The Nomad bridge takes in one kind of coin that’s sent to it and then wraps the currency in a way so that other blockchain will accept it. It doesn’t change what that currency is, but it does change the way it appears to the other blockchain. Another way of looking at it is that a token is created and sent to the second blockchain to serve as a promise of funds from the first blockchain. The wrapped asset can easily be sent through this secondary block chain where the additional asset would be unacceptable.

To make all this happen, protocols like Nomad have to keep a lot of coins on reserve. Numerous assets have to be held to back up the wrapped tokens, and it’s from those stores of reserved assets that the $190 million was taken recently.

There is supposed to be protection for these assets to make sure that they’re not taken, but with such an obvious target, hackers were able to bypass the security protocols and deposit funds into various accounts around the world. Cryptocurrency bridges and other types of asset bridges are attractive for hackers because of all the money they contain that’s just sitting there. To date, nearly $2 billion has been stolen from bridges. Most of that has happened in 2022, with thefts from Ronin (which powers the Axie Infinity coin), Harmony, and now Nomad.

A lot the funds were stolen by accounts that impersonated Nomad and then sent the funds to fraudulent addresses.

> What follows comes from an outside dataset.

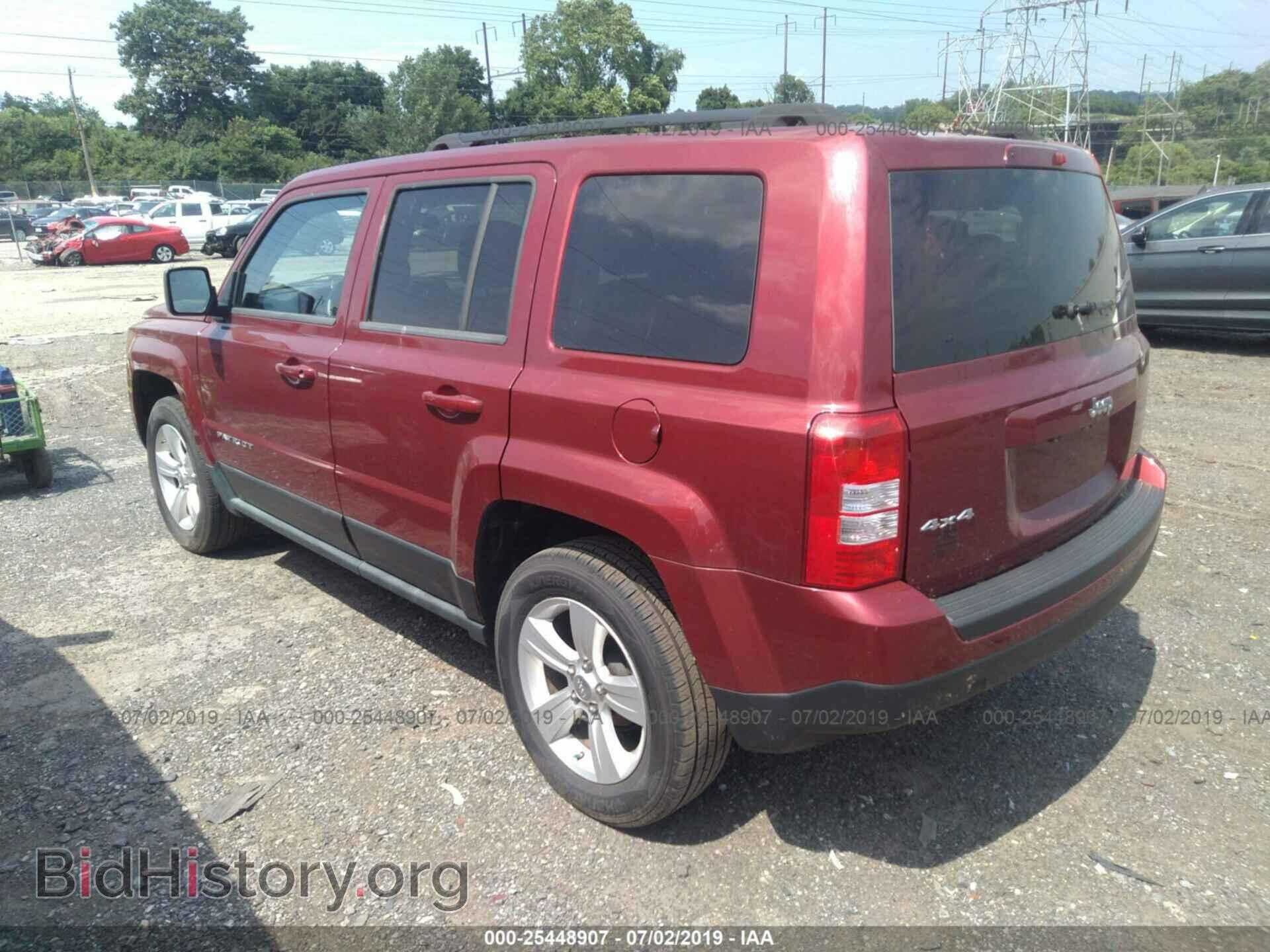 2012 JEEP PATRIOT - VIN: 1C4NJRBBXCD525019 - Фото 3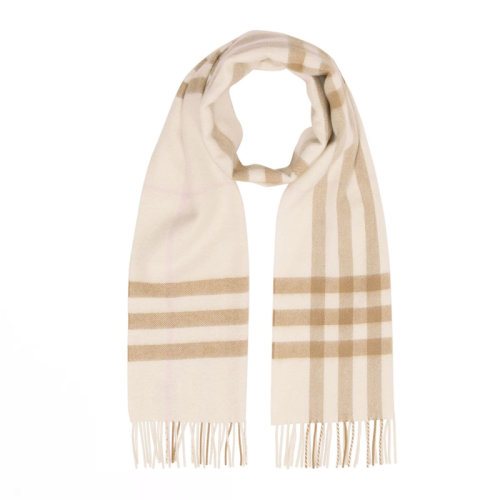 BURBERRY/博柏利 女士羊絨經(jīng)典格紋流蘇裝飾時(shí)尚圍巾圍脖披肩多色可選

What’s Going to Happen with the Missing Money?

Nomad security experts are working hard to get that money back. They even offered to not punish people who return at least 90% of the funds they’ve stolen. They said they would consider those hackers who returned the majority of the stolen funds to be white hat hackers and not worth pursuing. Nomad is also working with TRM labs (which is a chain analysis firm) to locate the funds and put them back where they belong.

As Nomad continues to try to trace its stolen funds, it has not issued a statement yet on how much has been recovered yet or whether anyone has voluntarily returned stolen funds.